The resulting set is made domain-relative and cleansed of duplicates.

This is how the Aliases: /?p=27 /1204_My_Article /2009/11/12/my-article metadata tag is determined.

Part 3. Executing the script

Double-check you have everything committed before starting, so you can see what has been changed. Files can get overwritten.

This does a fast 'offline import'. Use this first to verify there are no errors

bundle exec hw-import-wordpress -f -a

Use this to perform a full import. Downloads all attachments and checks for 301/302 redirects to determine what aliases need to be specified for each page

bundle exec hw-import-wordpress

If you want to restore the "Author", "wp_date", "wp_template", and "wp_status" metadata fields

bundle exec hw-import-wordpress -d none

If you, for some reason, want to delete all the metadata during conversion, run

bundle exec hw-import-wordpress -d "Author","wp_status","Flags","wp_date","wp_template","Aliases","Atom ID","Post ID","Status","wp_categories","wp_tags","Tags","Summary","Date"

If your XML files isn't named wordpress.xml, you can specify it

bundle exec hw-import-wordpress -c wordpress-other-file.xml

Once the conversion script has finished, make sure you review the log for errors.

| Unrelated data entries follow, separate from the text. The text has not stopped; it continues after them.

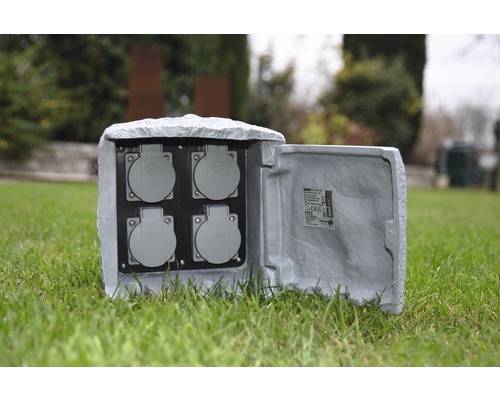 Meervoudig stopcontact in steendesign voor de tuin met vier stopcontacten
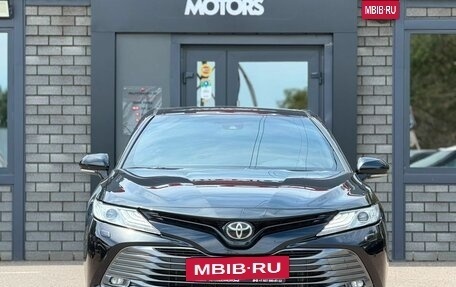Toyota Camry, 2018 год, 2 690 000 рублей, 5 фотография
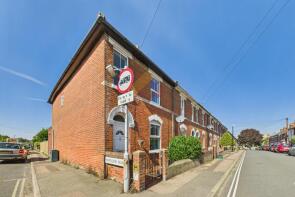 8, Crowhurst Road, Colchester CO3 3JW
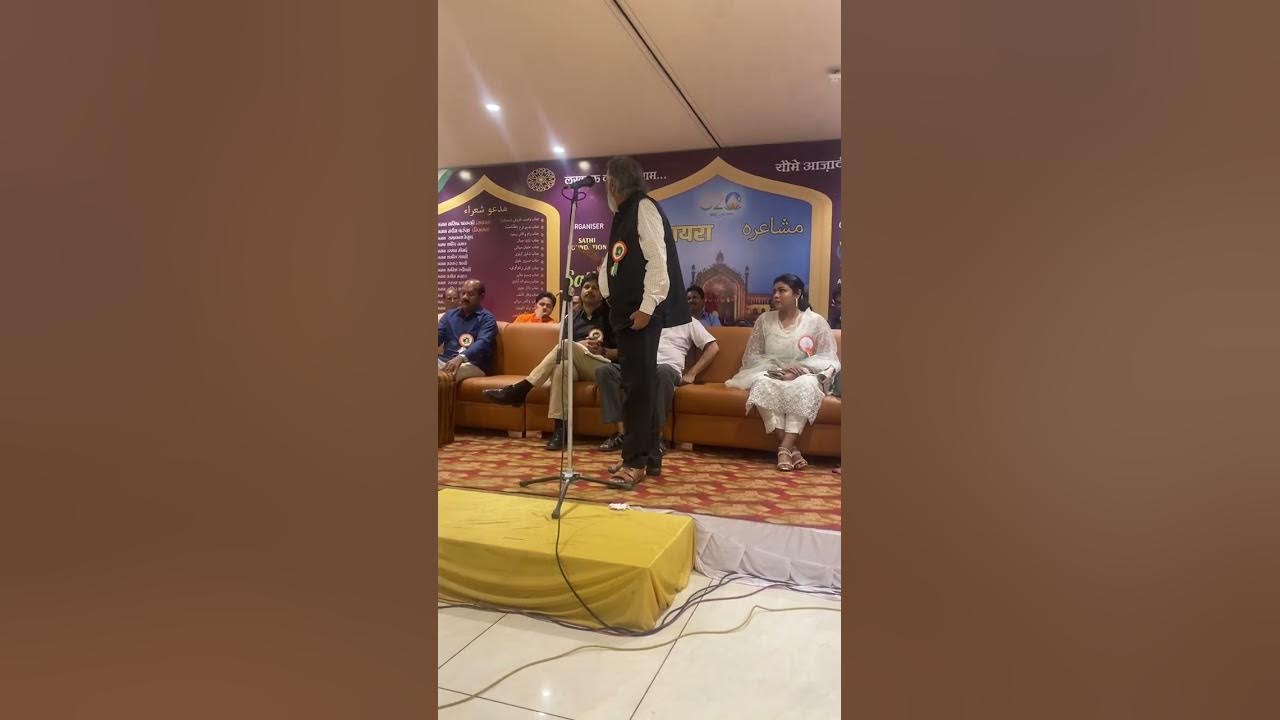 Famous Urdu poet and anchor wasif Farooqui YouTube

Part 4. Post-conversion steps

  1. Add the following routes to site.rb to prevent URL breakage:

     before '/wp-content/*' do
       request.path_info = "/attachments" + request.path_info
     end
    
     get '/feed/' do
        redirect '/rss.xml', 301
     end
     
     get '/comments/feed/' do
       if config.disqus_short_name
         redirect "#{config.disqus_short_name}.disqus.com/latest.rss", 301
       end
     end
    
  2. Make sure disqus_short_name is set in config.yml

  3. Create your layouts (specifically, 'page' is required)

  4. Create (or copy) rss.xml.slim and sitemap.xml.slim

  5. Create (or copy) your 404 and 500 error pages.

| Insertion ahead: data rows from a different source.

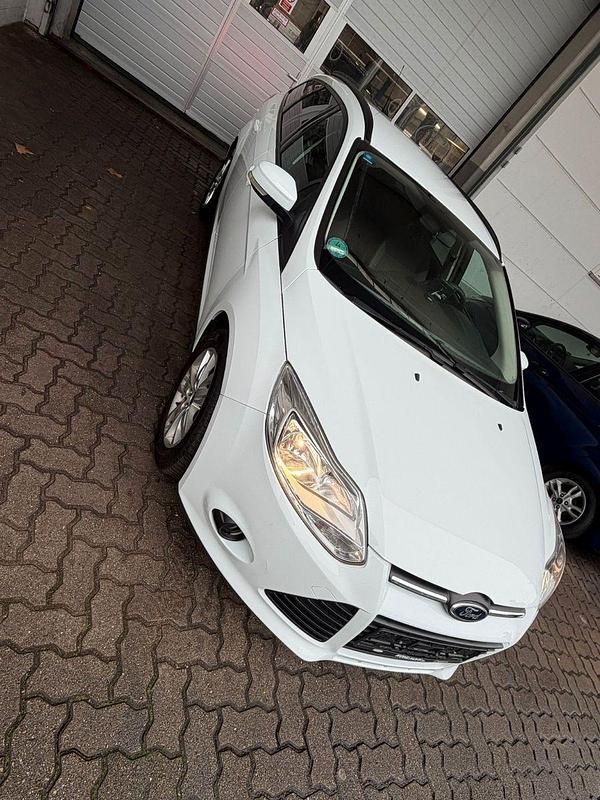 Gebraucht Ford Focus Trend 101 PS (74 kW) 2013 Weiß Kombi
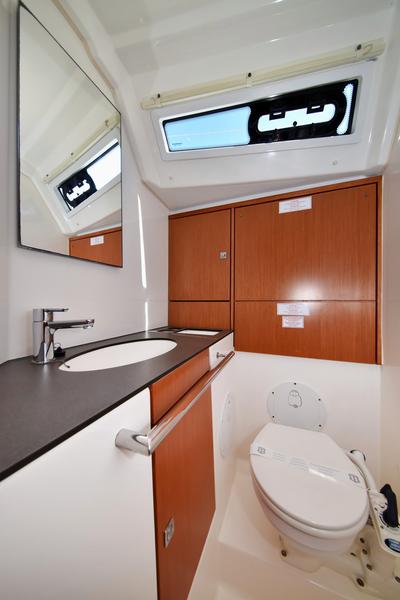 Book yachts online - sailboat - Bavaria Cruiser 46 - Baligot - rent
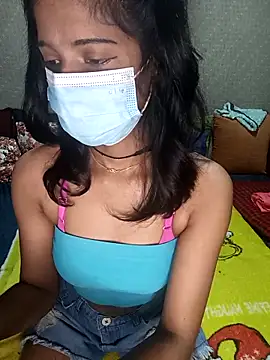 Snapshot of emali_baba chatting on 18, 12, 2025 emali baba online show from 18, 12, 2025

  6. Replace each wp_template: [name] metadata pair with Layout: [new-name], if that page needs a non-default layout. You can even monkey-patch to do a dynamic conversion from wp_template if you don't want to search & replace.

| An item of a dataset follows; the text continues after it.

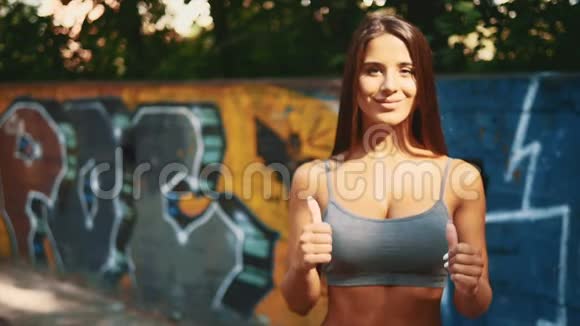 快关门性感的健身女孩竖起大拇指复制空间4K视频的预览图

The URLs with no easy solution

We didn't make landing pages for tags and categories! You can do this manually if you wish.

You'll probably see:

  • 404s for /tag/{tag}/
  • 404s for /category/{category}/
  • 404s for /category/{category}/{child-category}/
  • 404s for /{id}/{article}/feed/

Redirecting comment RSS feeds for individual pages seems nearly impossible. Disqus seems to use the normalized title of the page, which seems...fragile. Ex. http://shortname.disqus.com/normalized-title/latest.rss

IntenseDebate vs. Disqus

As a long-time user of IntenseDebate, I originally wanted to port my IntenseDebate comments over directly. However, after using Disqus for a bit, I realized it was a much nicer service. And it imports directly from both IntenseDebate and Wordpress.

If you want to stay with IntenseDebate, you'll have to do some coding for it

  1. Edit your layouts to use IntenseDebate and set idcomments_post_id to the page.metadata.post_id value.

    <script> var idcomments_acct = ‘YOUR ACCT ID’; var idcomments_post_id; //<- this is where you use "Post ID" var idcomments_post_url; </script> <script type=”text/javascript” src=”http://www.intensedebate.com/js/genericLinkWrapperV2.js”></script>
  2. Write code against the IntenseDebate API to fix your comment feed URLs

Part 5. Post-publish steps

After you've:

  • got your new Hardwired site working
  • have switched the DNS so it's handling all requests for your site
  • you've verified (by checking google webmaster logs) that you don't have any lingering 404s

THEN, re-run the Disqus redirect crawler so it will move your existing comments to your new URLs by following your 301 redirects.